(Dataset)
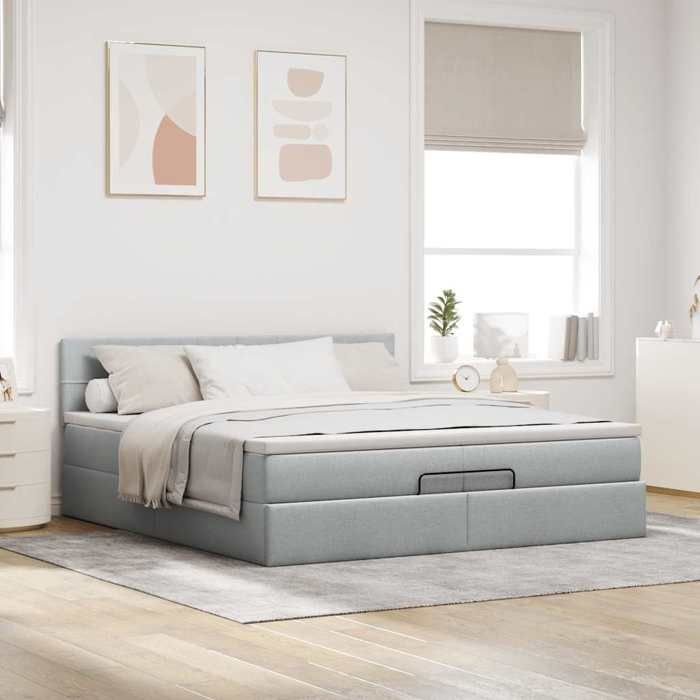 VidaXL Ottoman Bed Frame with Light Grey Mattress 200x200 Cm Fabric, Bed Frame, Upholstered Bed Frame, Bed Frame 3311484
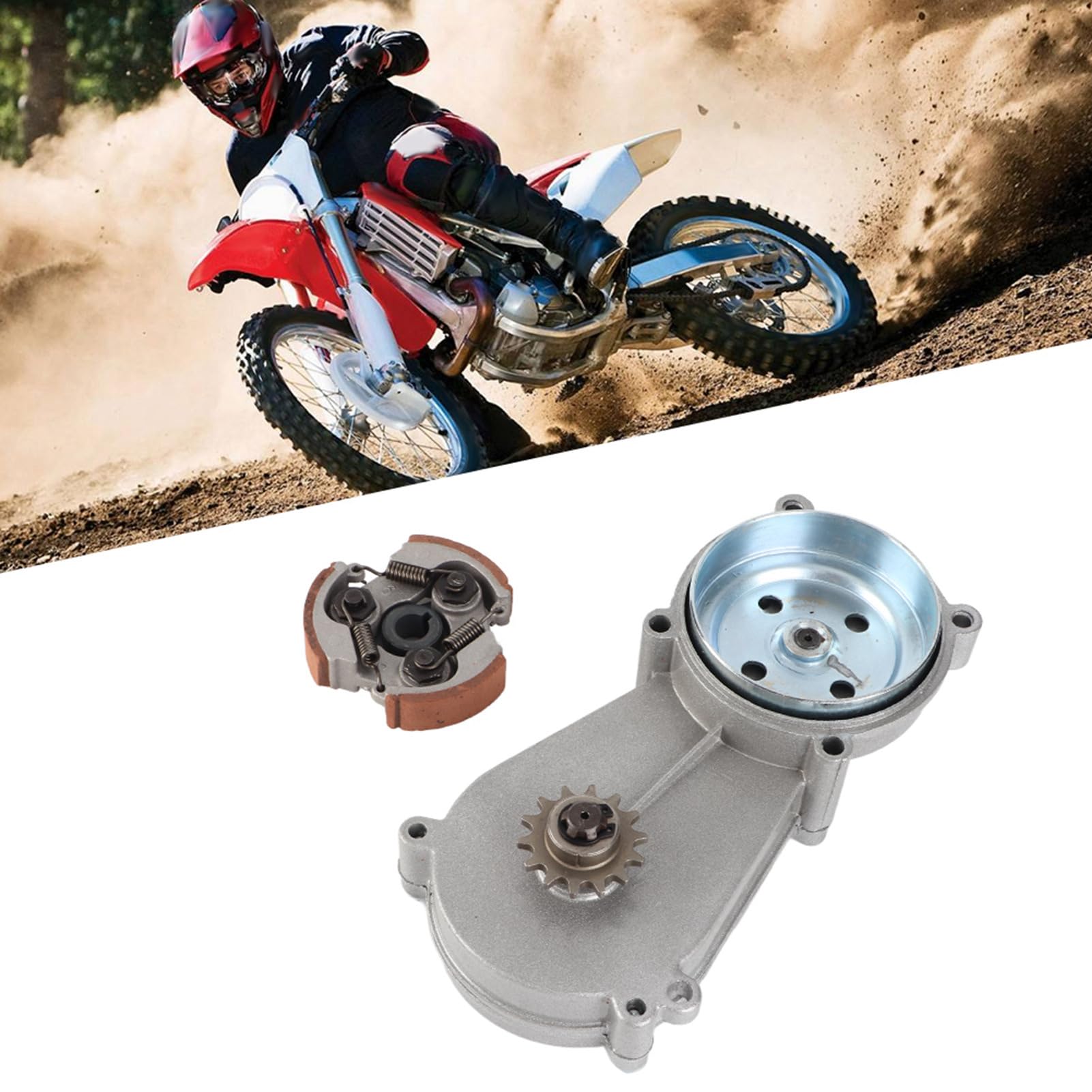 Scatola Ingranaggi, Kit Frizione Scatola Ingranaggi con alloggiamento Tamburo in Lega di Acciaio 14T Adatto per Parti di ATV Mini Quad Tascabile 47cc 49cc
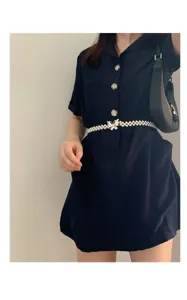 Pearl waist chain elastic women versatile Hanfu dress belt beaded accessory slimming.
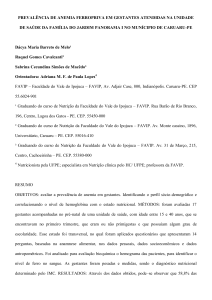 PREVALÊNCIA DE ANEMIA FERROPRIVA EM GESTANTES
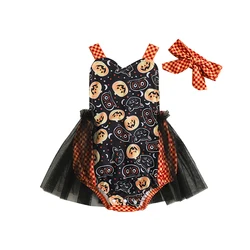 Infant Baby Girl Halloween Outfit Clothes Pumpkin Owl Print Sleeveless Backless Romper Ruffle Mesh Tulle Dress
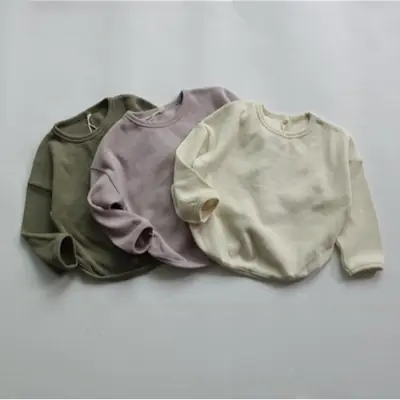 2026 Spring Boys Long Sleeve T-Shirt Olive Green Loose Fit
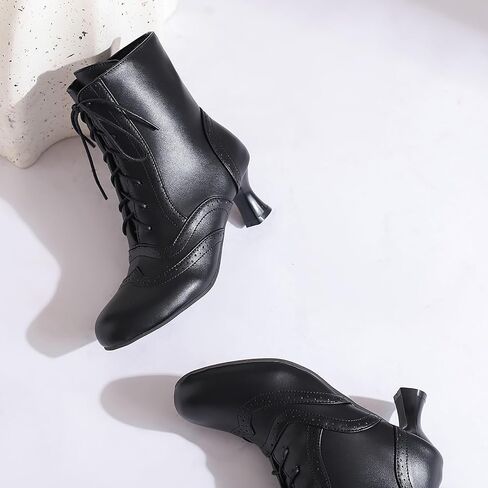 Victorian Boots for Women Vintage Lace Up Ankle Boots Costume Goth Booties Halloween Witch Stuff Cuban Heel Granny Boots in Saudi Arabia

(Exercise brief)
Output the listing above exactly, pictures omitted.

(Result of this exercise)
 VidaXL Ottoman Bed Frame with Light Grey Mattress 200x200 Cm Fabric, Bed Frame, Upholstered Bed Frame, Bed Frame 3311484
 Scatola Ingranaggi, Kit Frizione Scatola Ingranaggi con alloggiamento Tamburo in Lega di Acciaio 14T Adatto per Parti di ATV Mini Quad Tascabile 47cc 49cc
 Pearl waist chain elastic women versatile Hanfu dress belt beaded accessory slimming.
 PREVALÊNCIA DE ANEMIA FERROPRIVA EM GESTANTES
 Infant Baby Girl Halloween Outfit Clothes Pumpkin Owl Print Sleeveless Backless Romper Ruffle Mesh Tulle Dress
 2026 Spring Boys Long Sleeve T-Shirt Olive Green Loose Fit
 Victorian Boots for Women Vintage Lace Up Ankle Boots Costume Goth Booties Halloween Witch Stuff Cuban Heel Granny Boots in Saudi Arabia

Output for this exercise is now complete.